Five successive fossil submarine slides have been mapped and described in the Sobrarbe deltaic complex (Ainsa Basin, Spanish Pyrenees). These slides affect and remove up to 15% of the delta front. The head of the scar surfaces is recognized clearly in the field due to the angular unconformity between the infilling sediments and the underlying layers. Most of the slide scarps trend 55°N with 20° to 40° dips indicating north-westward sliding. Downslope, traces of the sliding surfaces parallel stratification. However, these surfaces can be identified by displaced masses, resedimented sandstones and soft-sediment deformation features such as metre-scale half-grabens, normal faults and tension cracks; all the surfaces indicate a sliding displacement toward the north-west. A three-dimensional model built from topographic data with Earth Vision® software shows the architecture of the slide surfaces and provides an estimation of the volume of each sedimentary body within the limit of the studied area.
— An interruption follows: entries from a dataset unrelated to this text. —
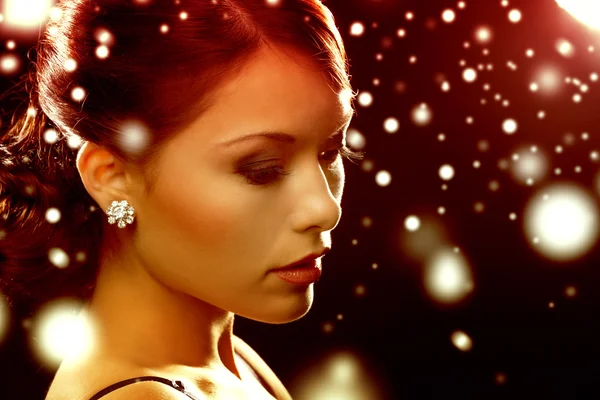 Woman in evening dress wearing diamond earrings — Stock Photo, Image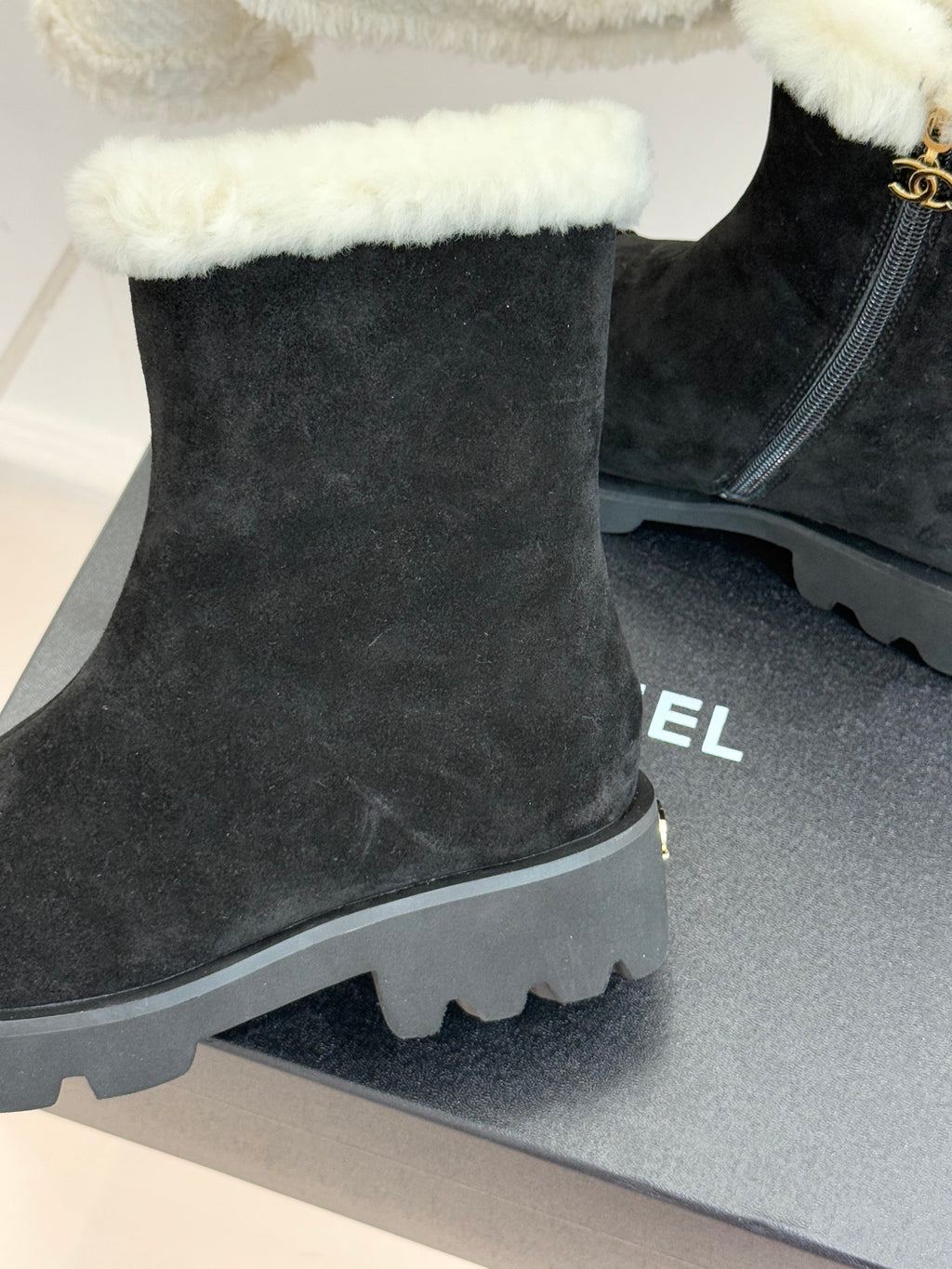 Black suede ankle boots with elastic side panel, white shearling cuff, lug sole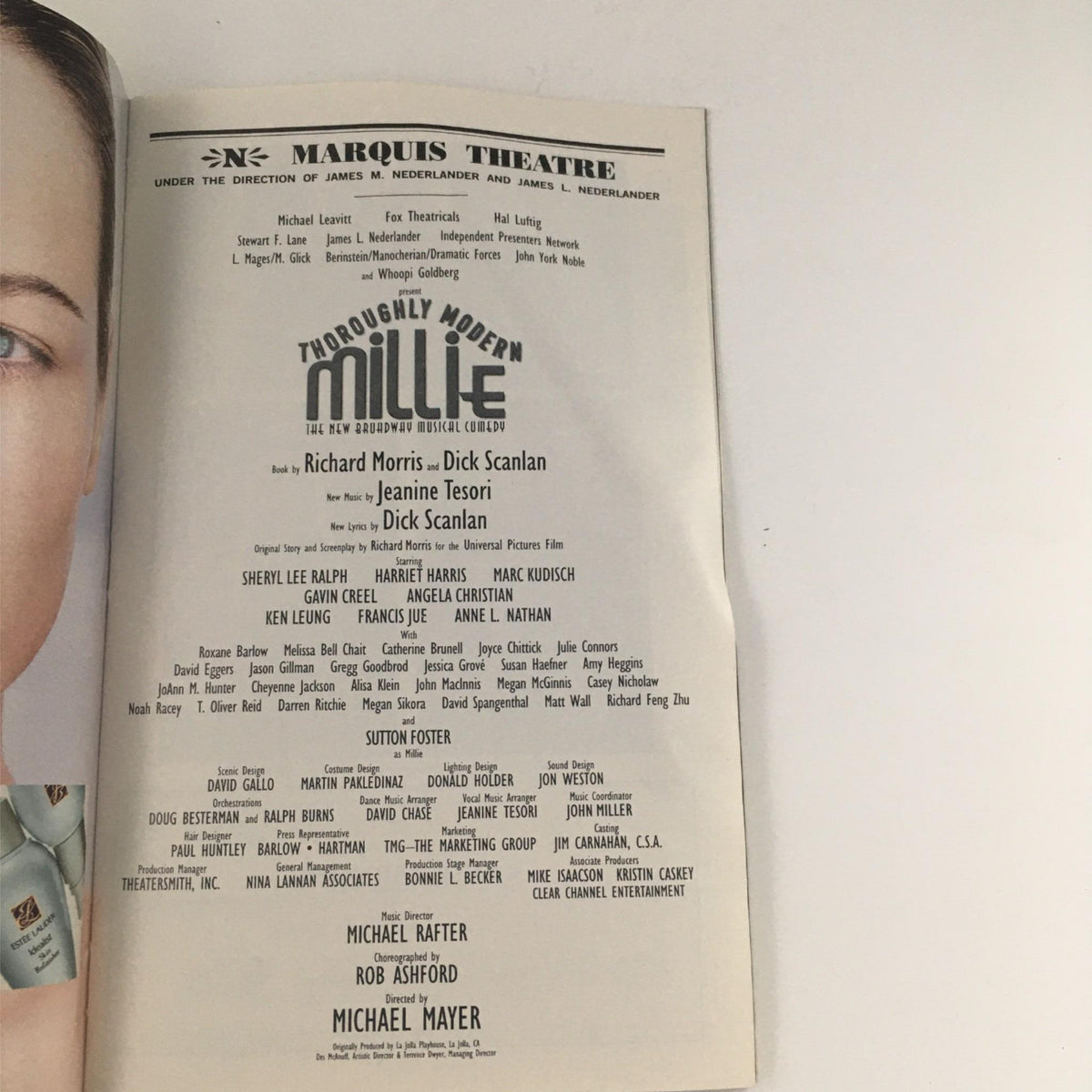 Inside page of the 2003 Playbill for Thoroughly Modern Millie detailing the cast and crew, including Richard Morris and Dick Scanlan, highlighting the artistic talents behind the Broadway production.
This study also indicates that: (i) the sediments have been cut and carried away before their lithification; (ii) the sedimentation rate infilling a single slump scar is estimated to be about 8 m per 1000 years, i.e. 10 times higher than in the overall area of the Sobrarbe deltaic complex; (iii) each composite scar progressively develops and infills by retrogressive slumps; (iv) the successive slide surfaces stack vertically in a collapse complex structure and migrate downward to follow the sea-level drop between two successive collapse complex structures; (v) the development of the scars in the Sobrarbe delta is described from a seven-stage conceptual model starting with a regressive event; and (vi) the triggering of the Sobrarbe instabilities is controlled by high values of sedimentation rate, relative sea-level falls mainly controlled by tectonic uplift, and likely seismic activity.